MNIST 데이터를 미니 배치로 순회하기 위해 BatchGenerator 클래스를 구현한다.

그레이디언트 계산

# 그레이디언트 계산
def one_training_step(model, images_batch, labels_batch):
   with tf.GradientTape() as tape:
       predictions = model(images_batch)
       per_sample_losses = tf.keras.losses.sparse_categorical_crossentropy(
           labels_batch, predictions)
       average_loss = tf.reduce_mean(per_sample_losses)
   gradients = tape.gradient(average_loss, model.weights)
   update_weights(gradients, model.weights)
   return average_loss

손실 값을 구하고, 그레디언트를 통해 가중치를 업데이트하기 위해 그레이디언트를 계산하는 함수를 구현하고, update_weight 함수를 호출하여 가중치를 업데이트한다.

가중치 업데이트

learning_rate = 1e-3

def update_weights(gradients, weights):
   for g, w in zip(gradients, weights):
       w.assign_sub(g * learning_rate)

학습률을 지정하고, 각 가중치에 gradient * learning_rate 빼서 가중치를 업데이트한다.

전체 훈련 루프

def fit(model, images, labels, epochs, batch_size=128):
   for epoch_counter in range(epochs):
       print(f'에포크 {epoch_counter}')
       batch_generator = BatchGenerator(images, labels)
       for batch_counter in range(batch_generator.num_batchs):
           images_batch, labels_batch = batch_generator.next()
           loss = one_training_step(model, images_batch, labels_batch)
           if batch_counter % 100 == 0:
               print(f'{batch_counter}번째 배치 손실: {loss:.2f}')

훈련 에포크 하나마다 각 배치에 대한 one_training_step(훈련 스텝)을 반복한다.

함수 테스트

from tensorflow.keras.datasets import mnist
(train_images, train_labels), (test_images, test_labels) = mnist.load_data()

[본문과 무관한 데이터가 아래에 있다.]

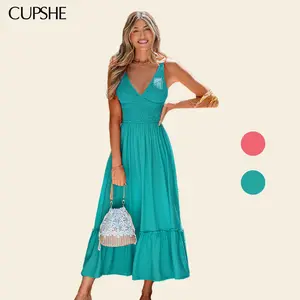 CUPSHE TikTokShopSpringGlowUp Summer Flame Coral Plunging Neckline Woven Smocked Bodice Sleeveless Maxi Dress Casual Womenswear Womensfashion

train_images = train_images.reshape((60000, 28 * 28))
train_images = train_images.astype('float32') / 255
test_images = test_images.reshape((10000, 28 * 28))
test_images = test_images.astype('float32') / 255

fit(model, train_images, train_labels, epochs=10, batch_size=128)
# 에포크 0
# 0번째 배치 손실: 5.07
# 100번째 배치 손실: 2.26
# 200번째 배치 손실: 2.22
# 300번째 배치 손실: 2.10
# 400번째 배치 손실: 2.23
# ...
# 에포크 9
# 0번째 배치 손실: 0.67
# 100번째 배치 손실: 0.71
# 200번째 배치 손실: 0.61
# 300번째 배치 손실: 0.67
# 400번째 배치 손실: 0.73

epochs를 10으로 지정하고 fit()함수를 호출한 결과, 각 에포크마다 각 배치의 손실 값을 계산하고 가중치를 업데이트하여 에포크가 지날 때 마다 배치에 대한 손실 값이 줄어드는 것을 확인할 수 있다.

모델 평가

# 모델 평가하기
predictions = model(test_images)
predictions = predictions.numpy()
predicted_labels = np.argmax(predictions, axis=1)
matches = predicted_labels == test_labels
print(f'정확도: {matches.mean():.2f}') # 정확도: 0.82

모델을 평가하기 위해 10000개의 테스트 데이터에 대한 0~9까지의 확률값을 저장하여 테스트 레이블과 비교한 데이터를 matches 변수에 저장한다. 이때 matches 에는 Boolean 형식으로 예측값이 맞았는지 틀렸는지 True / False 형태로 저장되어 있고 이들의 평균을 계산해보면 정확도가 약 82%로 도출되는 것을 확인할 수 있다.